You’d think so… but these processes are all using ridiculous amounts of RAM, so it’s kind of a toss-up which one will crash when they over-allocate the system.
We haven’t had pulse crashes in several months - i can’t actually recall any crashes since we separated the cleanup processes,… So the problem is most likely in one of those.
Our pulse machine also serves other services so it was always running on a generously allocated machine (currently @32G ram).
While my inner engineer says “yeah it should probably run more memory efficiently”, when it comes to managed languages, i’m not surprised by anything anymore (my java based chat application is using 1.8Gigs right now).
So I’ve updated one of our locations to 7.1.2.1, and I’m still seeing Pulse crashes, even while continuing to use separate processes for the pending job scan, housecleaning, etc.
Just a thought from guys here. Could you try running the web service and have machines connect to that. At the very least it might show if the crash is in the web service or in the rest of Pulse.
“The .NET assemblies are compiled to target ‘AnyCPU’, which means they’ll only run as 32 bit if Mono is 32 bit. However, the version of Mono we ship with Deadline is 64 bit, so the Deadline applications will run as 64 bit applications. We even have a SystemUtils.Is64Bit() API function, and I’ve checked it in a script to confirm that Deadline is 64 bit.”

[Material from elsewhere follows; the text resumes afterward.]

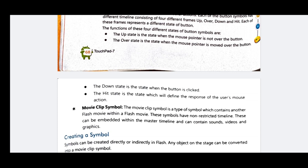The third type is the Movie Clip symbol. The Movie Clip symbol is a type of symbol which contains another Flash movie within a Flash movie. These symbols have a non-restricted timeline and can be embedded within the master timeline. They can contain sounds, videos, and graphics.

Now, we also need to make sure Pulse isn’t still shouldering a lot of this. Do you have some time tomorrow or Friday for a remote session? I have a neat thing I want to try as well. Has something to do with Mono threading. Basically, there’s an environment variable that might help some really low level stuff that Mono itself dies on. These are the options: github.com/TechEmpower/Framewor … issues/823
I’ve also read that Linux Kernel 4.0 might help this out too, but I don’t have time to test that at the moment.
Unfortunately, remote sessions are almost definitely out of the question due to security restrictions. I’m happy to try running more tests on my end and getting you any resulting data, although I usually have to plan them well, since I’m operating on the live production instance.